> Exercise objective
Using the data below, transcribe exactly everything from the line that contains "Abbysergeant" down to the line that contains "Various Artists –". Include both of those lines and none of the pictures.

> Data to process
= Beginning of Section =

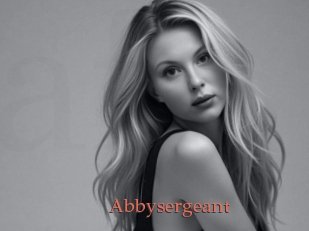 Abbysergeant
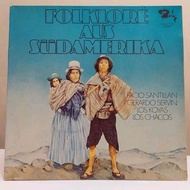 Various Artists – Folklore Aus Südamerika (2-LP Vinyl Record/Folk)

= End of Section =
= Beginning of Section =

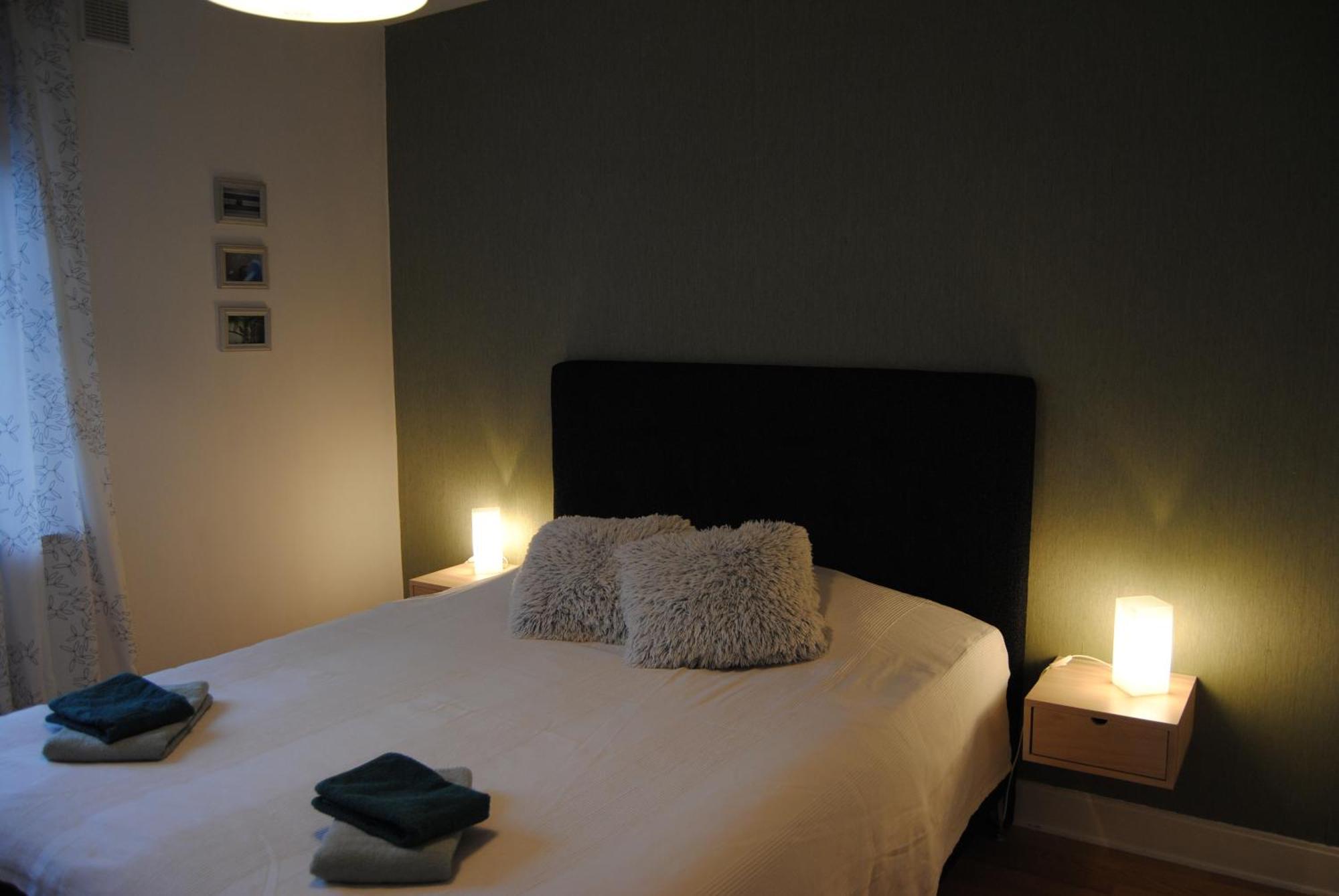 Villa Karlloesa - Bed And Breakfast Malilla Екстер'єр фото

= End of Section =
= Beginning of Section =

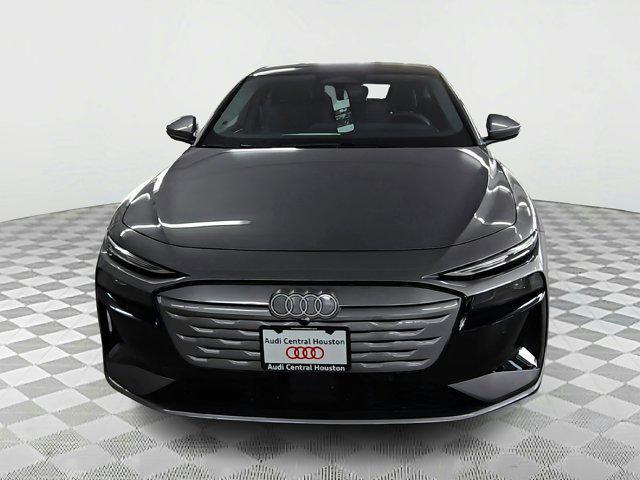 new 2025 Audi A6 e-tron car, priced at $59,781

= End of Section =

> Response below
 Abbysergeant
 Various Artists – Folklore Aus Südamerika (2-LP Vinyl Record/Folk)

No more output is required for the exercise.